Reactivity of NnTregs and other CD4+ T cell subsets to autologous APCs. Information about the antigen specificity of naturally occurring Tregs is scarce. The current paradigm, mostly based on data obtained in TCR transgenic mice models, is that naturally occurring Tregs develop in the thymus due to TCR interactions with cognate self-peptide/MHC class II complexes within a restricted avidity range between positive and negative selection (21). Interestingly, a recent study by Romagnoli et al. (22) has demonstrated the presence, among murine Tregs, of precursors that can proliferate upon stimulation with autologous APCs. To gain initial insight into the antigen specificity of T cells in the NnTreg subset, we stimulated ex vivo–sorted and CFSE-labeled CD4+ T cells from the 4 previously defined subsets with autologous APCs, including monocytes and immature and mature DCs in the presence of IL-2. Cell growth was measured at day 7 after stimulation. As illustrated in Figure 8, no significant proliferation was observed in the absence of APCs for any subset.

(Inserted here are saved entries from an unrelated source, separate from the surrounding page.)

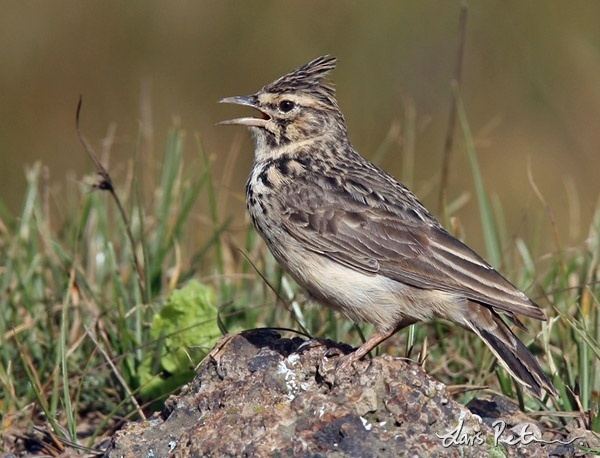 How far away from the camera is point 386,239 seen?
6.32 m

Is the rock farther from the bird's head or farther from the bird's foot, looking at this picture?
the bird's head

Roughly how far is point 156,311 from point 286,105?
142 centimetres

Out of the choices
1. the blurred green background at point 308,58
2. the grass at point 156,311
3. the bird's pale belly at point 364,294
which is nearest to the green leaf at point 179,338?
the grass at point 156,311

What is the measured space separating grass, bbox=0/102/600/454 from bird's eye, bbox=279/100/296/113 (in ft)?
2.64

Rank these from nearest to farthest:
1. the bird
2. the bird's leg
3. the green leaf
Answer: the bird's leg < the bird < the green leaf

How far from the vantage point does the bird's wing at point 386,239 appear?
5.94 m

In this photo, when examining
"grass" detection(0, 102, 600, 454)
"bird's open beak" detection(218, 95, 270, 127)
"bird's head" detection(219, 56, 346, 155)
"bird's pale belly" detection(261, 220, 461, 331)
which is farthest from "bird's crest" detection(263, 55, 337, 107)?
"bird's pale belly" detection(261, 220, 461, 331)

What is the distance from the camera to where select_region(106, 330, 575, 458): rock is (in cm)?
480

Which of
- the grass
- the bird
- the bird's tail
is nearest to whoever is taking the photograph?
the bird's tail

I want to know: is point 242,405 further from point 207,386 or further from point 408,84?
point 408,84

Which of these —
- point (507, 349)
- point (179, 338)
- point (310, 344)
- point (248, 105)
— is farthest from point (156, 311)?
point (507, 349)

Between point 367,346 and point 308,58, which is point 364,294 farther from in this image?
point 308,58

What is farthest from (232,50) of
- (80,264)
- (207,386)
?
(207,386)

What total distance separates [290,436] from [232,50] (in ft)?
36.3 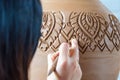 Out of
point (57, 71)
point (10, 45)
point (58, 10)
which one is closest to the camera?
point (10, 45)

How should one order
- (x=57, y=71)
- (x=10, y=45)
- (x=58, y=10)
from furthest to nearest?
(x=58, y=10) → (x=57, y=71) → (x=10, y=45)

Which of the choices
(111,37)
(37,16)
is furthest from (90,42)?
(37,16)

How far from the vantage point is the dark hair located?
490 millimetres

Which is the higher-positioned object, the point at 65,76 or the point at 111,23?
the point at 111,23

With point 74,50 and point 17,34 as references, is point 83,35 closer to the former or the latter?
point 74,50

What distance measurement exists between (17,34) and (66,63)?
29cm

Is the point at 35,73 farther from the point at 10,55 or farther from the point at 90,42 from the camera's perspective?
the point at 10,55

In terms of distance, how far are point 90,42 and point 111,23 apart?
0.10 metres

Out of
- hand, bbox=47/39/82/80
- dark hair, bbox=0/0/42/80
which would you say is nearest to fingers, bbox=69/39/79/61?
hand, bbox=47/39/82/80

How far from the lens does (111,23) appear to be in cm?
94

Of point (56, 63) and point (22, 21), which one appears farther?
point (56, 63)

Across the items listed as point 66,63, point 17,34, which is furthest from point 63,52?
point 17,34

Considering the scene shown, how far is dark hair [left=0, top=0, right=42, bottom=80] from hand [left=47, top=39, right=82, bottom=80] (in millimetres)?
225

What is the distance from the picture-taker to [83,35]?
87 cm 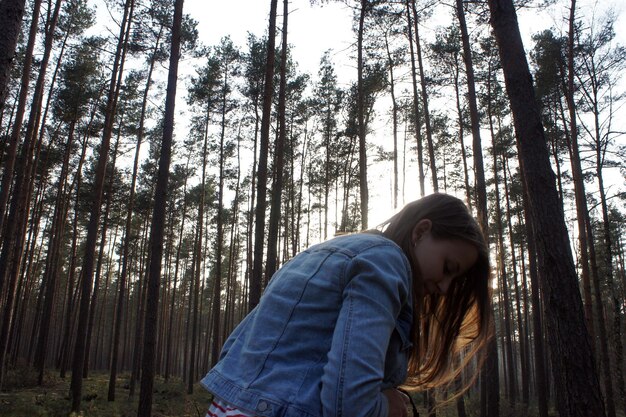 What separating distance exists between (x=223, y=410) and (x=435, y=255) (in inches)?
28.8

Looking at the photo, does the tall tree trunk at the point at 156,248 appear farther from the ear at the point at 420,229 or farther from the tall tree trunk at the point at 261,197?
the ear at the point at 420,229

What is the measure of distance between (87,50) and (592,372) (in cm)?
2029

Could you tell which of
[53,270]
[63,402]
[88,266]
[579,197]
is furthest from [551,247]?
[53,270]

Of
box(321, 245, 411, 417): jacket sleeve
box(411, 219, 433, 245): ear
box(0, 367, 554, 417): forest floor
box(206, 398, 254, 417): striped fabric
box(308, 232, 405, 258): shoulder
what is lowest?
box(0, 367, 554, 417): forest floor

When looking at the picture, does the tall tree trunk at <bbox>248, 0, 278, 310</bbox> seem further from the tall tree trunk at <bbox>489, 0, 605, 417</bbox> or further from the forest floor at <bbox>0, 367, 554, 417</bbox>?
the tall tree trunk at <bbox>489, 0, 605, 417</bbox>

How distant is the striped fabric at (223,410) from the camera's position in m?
1.03

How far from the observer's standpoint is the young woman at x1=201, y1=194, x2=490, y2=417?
3.11 feet

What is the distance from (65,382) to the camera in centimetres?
2056

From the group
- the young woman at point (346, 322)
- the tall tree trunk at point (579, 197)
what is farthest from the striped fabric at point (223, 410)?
the tall tree trunk at point (579, 197)

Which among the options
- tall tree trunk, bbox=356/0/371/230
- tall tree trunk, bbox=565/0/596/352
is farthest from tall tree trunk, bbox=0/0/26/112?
tall tree trunk, bbox=565/0/596/352

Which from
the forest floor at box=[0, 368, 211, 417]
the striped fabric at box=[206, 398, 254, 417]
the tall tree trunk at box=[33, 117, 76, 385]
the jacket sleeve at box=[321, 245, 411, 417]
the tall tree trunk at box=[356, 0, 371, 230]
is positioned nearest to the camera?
the jacket sleeve at box=[321, 245, 411, 417]

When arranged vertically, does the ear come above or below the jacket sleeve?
above

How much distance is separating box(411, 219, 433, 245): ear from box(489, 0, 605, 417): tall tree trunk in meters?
3.48

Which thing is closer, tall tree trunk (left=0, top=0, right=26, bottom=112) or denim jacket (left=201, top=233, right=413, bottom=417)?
denim jacket (left=201, top=233, right=413, bottom=417) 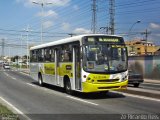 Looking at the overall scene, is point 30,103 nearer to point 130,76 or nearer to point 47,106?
point 47,106

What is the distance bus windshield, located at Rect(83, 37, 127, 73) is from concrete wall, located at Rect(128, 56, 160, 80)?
99.6 feet

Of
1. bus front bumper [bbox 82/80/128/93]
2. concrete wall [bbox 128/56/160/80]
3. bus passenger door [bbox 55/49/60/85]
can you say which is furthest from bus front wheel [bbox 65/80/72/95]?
concrete wall [bbox 128/56/160/80]

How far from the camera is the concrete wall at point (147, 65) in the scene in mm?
48094

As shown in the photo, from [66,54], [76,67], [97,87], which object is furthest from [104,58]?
[66,54]

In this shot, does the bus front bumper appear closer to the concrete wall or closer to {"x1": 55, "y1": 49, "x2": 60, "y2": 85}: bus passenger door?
{"x1": 55, "y1": 49, "x2": 60, "y2": 85}: bus passenger door

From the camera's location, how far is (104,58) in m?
17.7

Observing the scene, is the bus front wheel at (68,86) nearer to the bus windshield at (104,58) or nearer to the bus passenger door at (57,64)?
the bus passenger door at (57,64)

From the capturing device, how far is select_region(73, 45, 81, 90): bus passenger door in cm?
1831

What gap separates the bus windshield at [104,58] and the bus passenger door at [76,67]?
0.78 m

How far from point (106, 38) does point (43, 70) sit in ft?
29.4

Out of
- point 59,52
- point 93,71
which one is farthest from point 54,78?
point 93,71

However, a small proportion of cells in the antigen-experienced CD25– T cell compartment and an increased proportion of cells among Tregs proliferated upon coculture with autologous monocytes. Similar results were obtained for these populations upon stimulation with both immature and mature DCs. No significant proliferation was detectable in the case of CD25– naive T cells upon culture with any of the APC populations. In sharp contrast, a high proportion of NnTregs proliferated in response to stimulation with autologous APCs, particularly in the case of both immature and mature DCs. Together these data demonstrate that, in the presence of IL-2, NnTreg populations react and proliferate in response to autologous APCs, indicating that this newly identified subset of circulating naive Tregs is highly enriched in T cells bearing self-reactive TCRs.
Reactivity of NnTregs and other CD4+ T cell subsets to autologous APCs. Ex vivo–sorted CD4+ T cell subsets were labeled with CFSE and stimulated with the indicated autologous APCs and IL-2 (100 IU/ml). Cell division was measured at day 7. (A) Example of data obtained from 1 donor. (B) Percentages of undivided cells are shown as mean values from 3 donors.